◆ WHAT YOU ARE ASKED TO DO ◆
A precise copy of the data is required, with every picture left out.

Excerpts from a dataset:
Start of Block

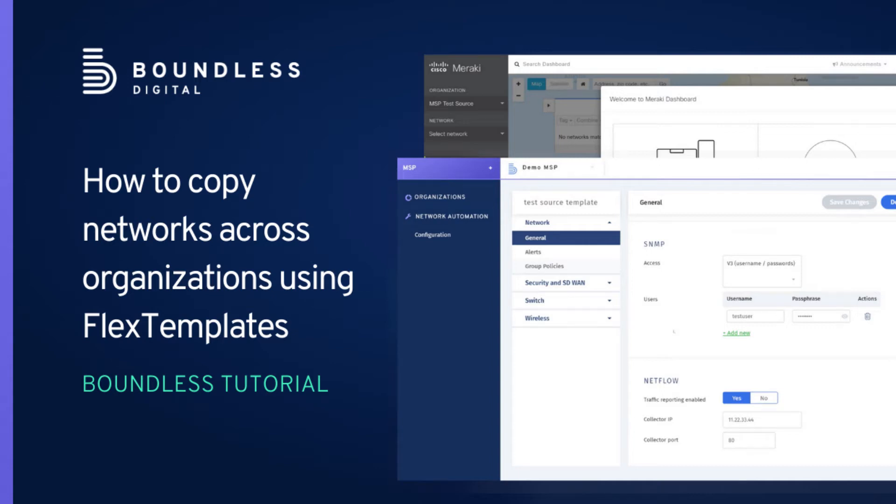Hello. In this video, we are going to demonstrate a use case of Boundless MSP tools. We are going to copy a network from one market organization to another using our flex templates.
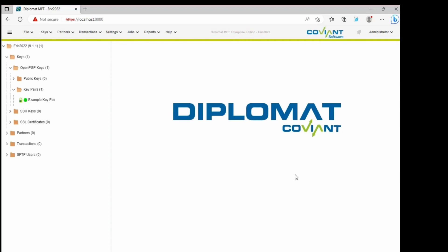What some people don't realize is that Diplomat can be used to encrypt and decrypt files directly from a batch file or a script or some other application server, and you can do that without defining necessarily a process to do that within Diplomat itself. Of course you can call a process but you can also directly do the encryption. I'm going to show you what that looks and feels like.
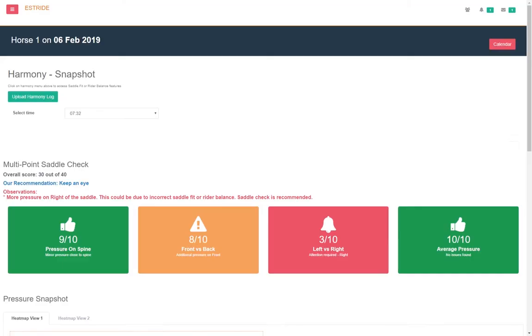Harmony Equine Pressure Mat. The Harmony Pressure Mat shows you distribution of pressure under the saddle using 920 sensors. It records data on the SD card and once the data is uploaded on my eStride portal, it can be analysed in detail.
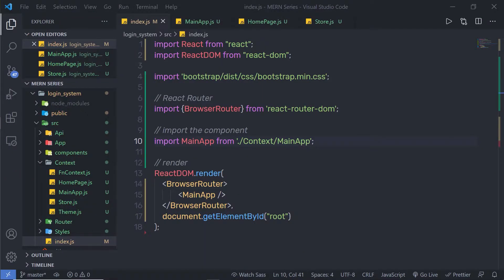In this lecture, we are going to understand how to update the context value. Many times you need to update the context store value to change the status. Let's take a look at how to update the value of the context API in the React application.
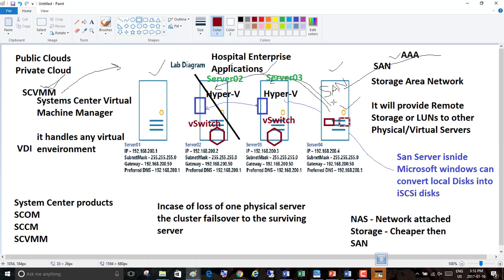vCenter is from VMware; as an alternative, we have SCVMM from Microsoft — it does the same thing as vCenter in VMware. Virtual switches are the same concept in every virtualization platform: Citrix also has a virtual switch, Azure has a virtual switch, Google Cloud IaaS has a virtual switch. Whichever platform is virtually providing machines, they offer virtual switches.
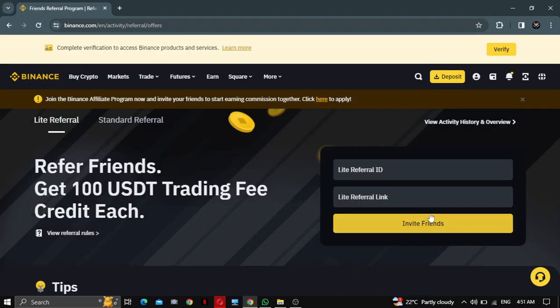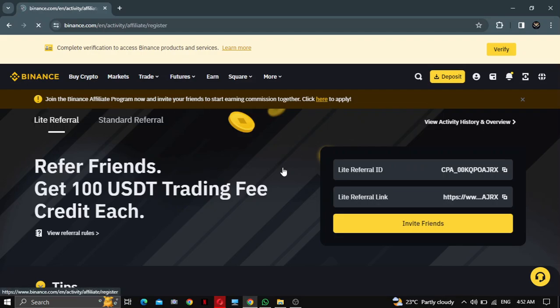There is your referral link — copy it and share with your friends. The more friends you invite, the more commission you get. If you want to make more money, join the Binance affiliate program and click here to apply.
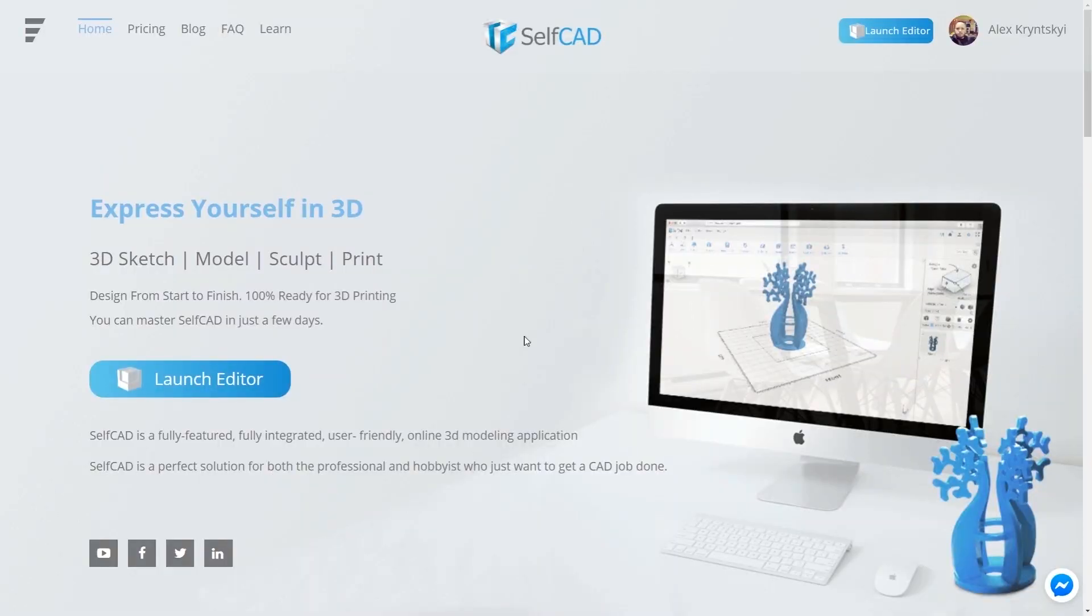Hello everyone! Today I want to tell you a little about SelfCab. This is a program for 3D modeling and the coolest thing is I can use it online.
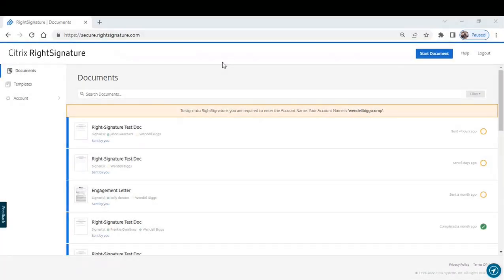RightSignature is the business tool that makes it quick and simple for you to send documents that you need to have signed electronically. So we'll start with how to create a document from scratch.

End of Block

◆ OUTPUT BELOW ◆
Hello. In this video, we are going to demonstrate a use case of Boundless MSP tools. We are going to copy a network from one market organization to another using our flex templates.
What some people don't realize is that Diplomat can be used to encrypt and decrypt files directly from a batch file or a script or some other application server, and you can do that without defining necessarily a process to do that within Diplomat itself. Of course you can call a process but you can also directly do the encryption. I'm going to show you what that looks and feels like.
Harmony Equine Pressure Mat. The Harmony Pressure Mat shows you distribution of pressure under the saddle using 920 sensors. It records data on the SD card and once the data is uploaded on my eStride portal, it can be analysed in detail.
In this lecture, we are going to understand how to update the context value. Many times you need to update the context store value to change the status. Let's take a look at how to update the value of the context API in the React application.
vCenter is from VMware; as an alternative, we have SCVMM from Microsoft — it does the same thing as vCenter in VMware. Virtual switches are the same concept in every virtualization platform: Citrix also has a virtual switch, Azure has a virtual switch, Google Cloud IaaS has a virtual switch. Whichever platform is virtually providing machines, they offer virtual switches.
There is your referral link — copy it and share with your friends. The more friends you invite, the more commission you get. If you want to make more money, join the Binance affiliate program and click here to apply.
Hello everyone! Today I want to tell you a little about SelfCab. This is a program for 3D modeling and the coolest thing is I can use it online.
RightSignature is the business tool that makes it quick and simple for you to send documents that you need to have signed electronically. So we'll start with how to create a document from scratch.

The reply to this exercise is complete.